Rod, Clay, and an Inelastic Collision

[e(ho0n3]

Problem: A thin rod of mass M and length L rests on a frictionless table and is struck at a point L/4 from its center of mass by a clay ball of mass m moving at a speed v (the velocity vector is perpendicular to the rod). The ball sticks to the rod. Determine the translational and rotational motion of the rod after the collision.

I can use conservation of angular momentum to determine the rotational velocity of the rod and the clay about the center of mass of the rod. Then, I'd figure I could use this angular speed to find the velocity of the clay and then use conservation of linear momentum to find the velocity of the center of mass of the rod. According to my calculations, the center of mass of the rod is moving in the same direction of the velocity vector v. Does this make sense?

 

[Gza]

That seems like an awful lot of work to simply calculate the velocity of the center of mass after collision. Just use conservation of linear momentum throughout to calculate translational velocity. Use conservation of angular momentum to find the angular velocity about its new center of mass after collision.

 

[e(ho0n3]

That seems like an awful lot of work to simply calculate the velocity of the center of mass after collision. Just use conservation of linear momentum throughout to calculate translational velocity. Use conservation of angular momentum to find the angular velocity about its new center of mass after collision.

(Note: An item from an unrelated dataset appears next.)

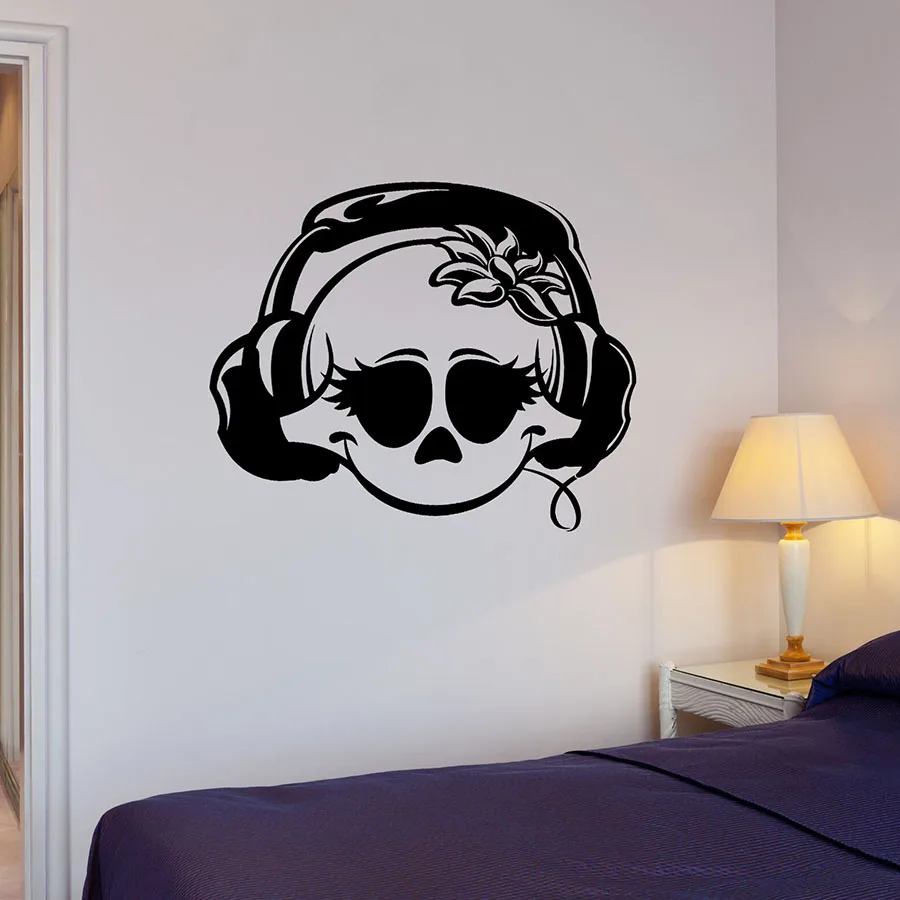 

Виниловые наклейки на стену с изображением черепа, улыбки, наушников, девушек, ресниц, цветов, головы, для спальни, музыкальной студии, крутой стиль, домашний декор M568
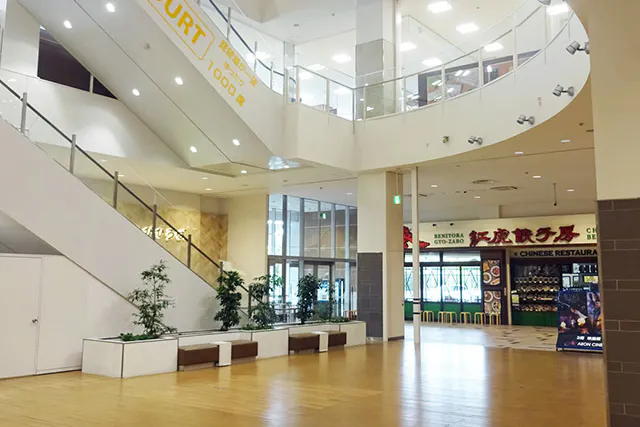 【イオンモール草津】1F レストランコート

Hmm...I thought the rotation was about the center of mass of the rod not about the center of mass of the system after collision. How do you figure?

 

[Doc Al]

Hmm...I thought the rotation was about the center of mass of the rod not about the center of mass of the system after collision. How do you figure?

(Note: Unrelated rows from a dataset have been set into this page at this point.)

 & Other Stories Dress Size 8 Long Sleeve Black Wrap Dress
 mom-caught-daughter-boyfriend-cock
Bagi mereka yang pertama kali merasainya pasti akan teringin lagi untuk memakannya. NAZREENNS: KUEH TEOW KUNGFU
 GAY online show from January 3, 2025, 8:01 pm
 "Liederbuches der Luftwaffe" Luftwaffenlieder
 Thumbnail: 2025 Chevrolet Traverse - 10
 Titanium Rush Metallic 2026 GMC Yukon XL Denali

The motion of a rigid object (such as the composite object "rod + putty") can be described as a translational motion of its center of mass plus a rotation about its center of mass.

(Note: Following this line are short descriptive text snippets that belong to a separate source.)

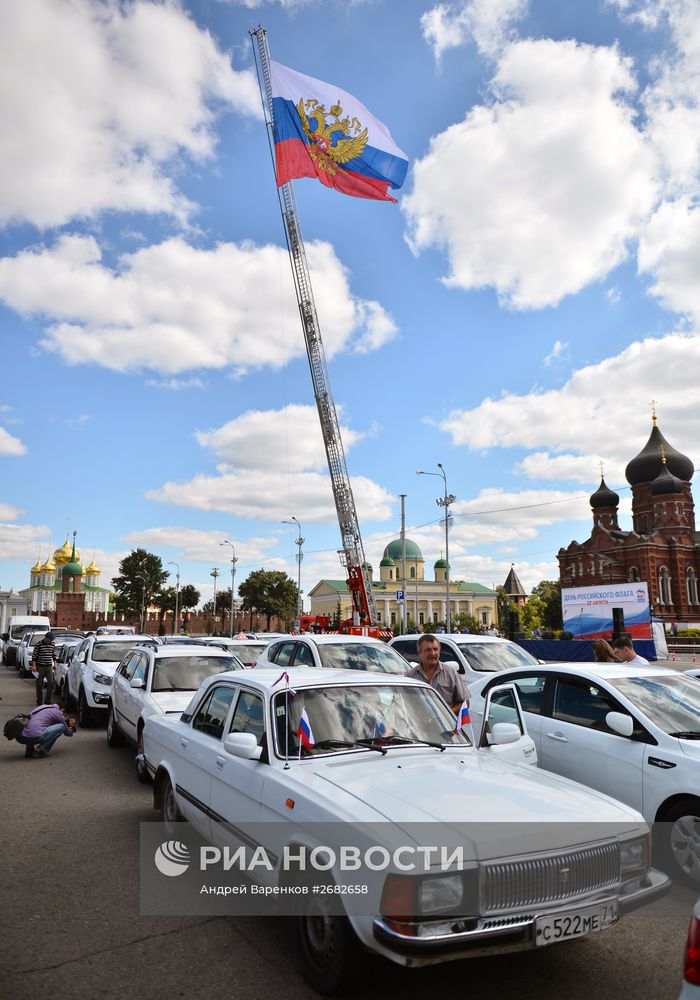 Празднование Дня российского флага в городах России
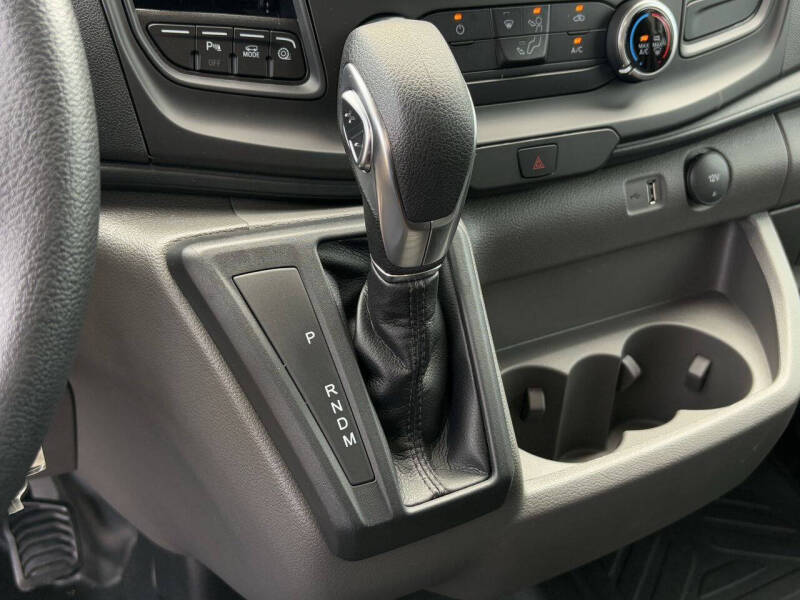 2025 Ford Transit 250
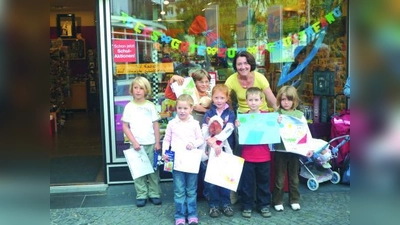 Die stolzen Gewinner des Malwettbewerbs mit Skribo-Inhaberin Ulrike Schuhbauer. (Foto: pi)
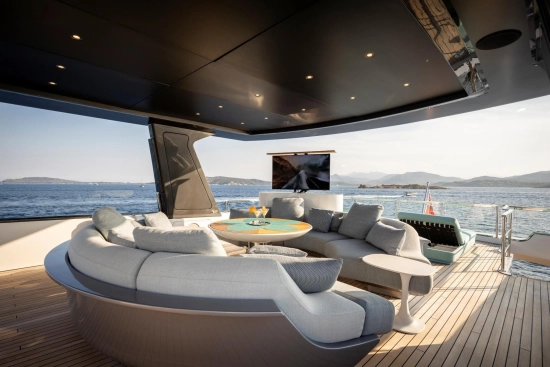 Azimut Grande Trideck usado à venda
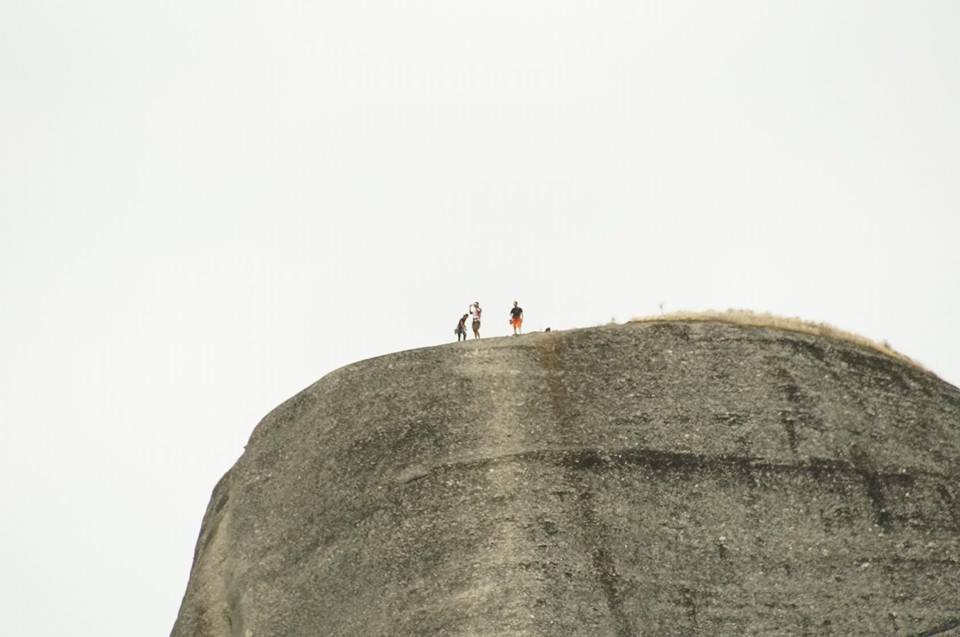 Ισπανοί Travel bloggers κατέκλυσαν τα Μετέωρα -Αφωνοι από το τοπίο και την ατμόσφαιρα [εικόνες & βίντεο] | iefimerida.gr 3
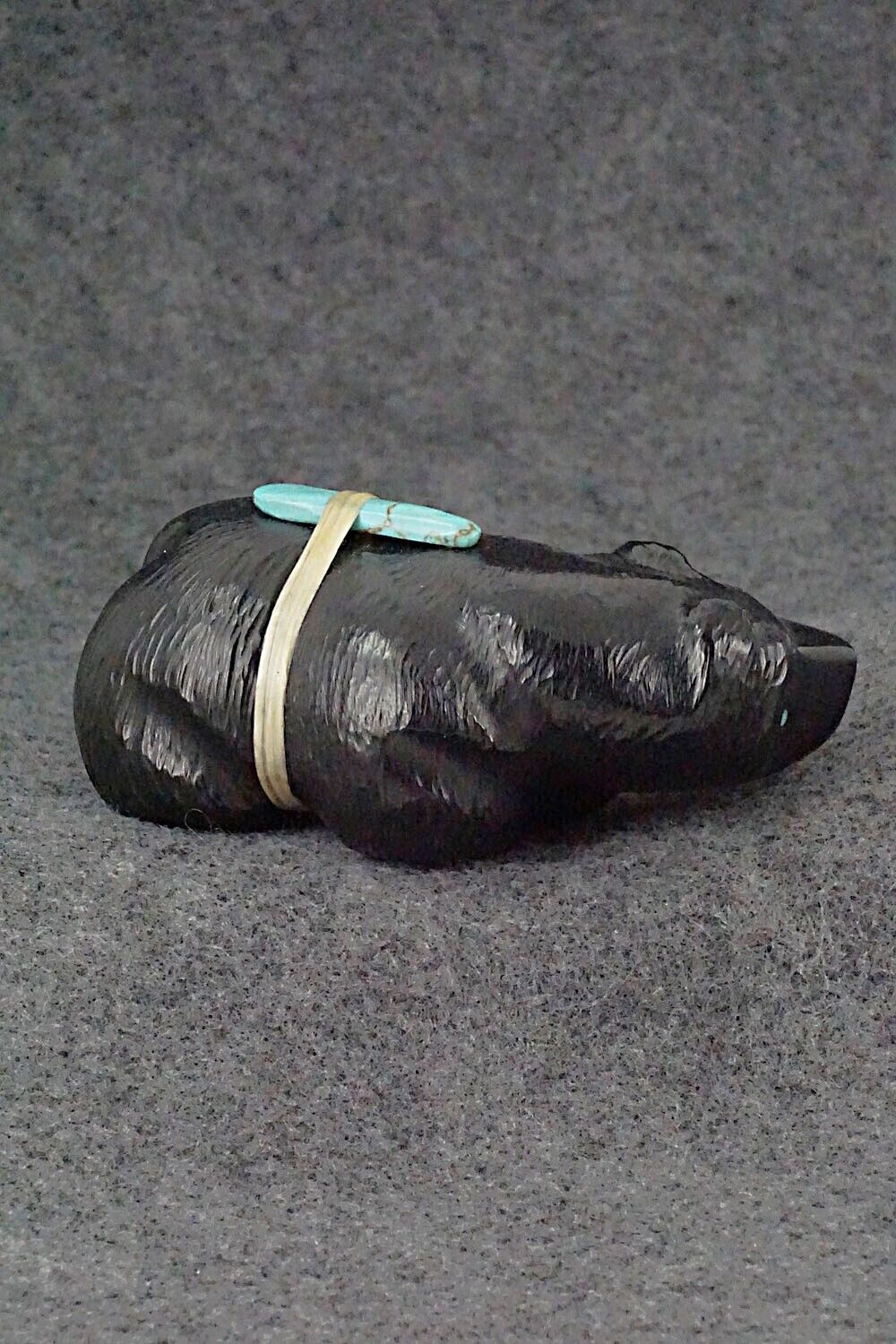 Bear Zuni Fetish Carving - Herbert Halate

You know how to find the speed of the center of mass after the collision: linear momentum is conserved.

To find the rotational speed about the cm, do this. First find where the cm is just at the instant of collision. Then find the angular momentum about the cm prior to the collision. Since it's conserved, that's also the angular momentum about the cm after the collision. Find the rotational inertia of the "rod + putty" about the cm, then use it to find \omega.

 

[e(ho0n3]

The motion of a rigid object (such as the composite object "rod + putty") can be described as a translational motion of its center of mass plus a rotation about its center of mass.

I think you meant "can be BEST describe...", since motion is relative to a reference frame and the point in the frame I'm describing the motion from. When you use the phrase about its center of mass, I imagine the object is rotating about an axis going through the center of mass, but how do I know, in this problem for example, where the rotation axis is (I know it's not fixed in some location in space, but that is all I know).

To find the rotational speed about the cm, do this. First find where the cm is just at the instant of collision. Then find the angular momentum about the cm prior to the collision. Since it's conserved, that's also the angular momentum about the cm after the collision. Find the rotational inertia of the "rod + putty" about the cm, then use it to find \omega.

Let me get this clear: I should do all of my calculations (pre- and post-collion) taking the center of mass of the rod + putty as my reference point.

 

[Doc Al]

translation plus rotation

I think you meant "can be BEST describe...", since motion is relative to a reference frame and the point in the frame I'm describing the motion from.

As long as you realize that the motion of a rigid object is a combination of the motion of its cm plus its rotation about its cm.

When you use the phrase about its center of mass, I imagine the object is rotating about an axis going through the center of mass, but how do I know, in this problem for example, where the rotation axis is (I know it's not fixed in some location in space, but that is all I know).

I'm not saying that the object is in pure rotation about its center of mass. It's also translating.

Let me get this clear: I should do all of my calculations (pre- and post-collion) taking the center of mass of the rod + putty as my reference point.

I would, but I'm lazy. (All what caculations? It's just angular momentum.) As long as you realize that the total angular momentum of the object about any axis is the sum of its angular momentum about its center of mass plus the angular momentum of its mass (assumed concentrated at its center of mass), then you can use any axis. So, if you find the initial angular momentum about the cm, then that will equal the final angular momentum about the cm, which would equal I_{cm}\omega.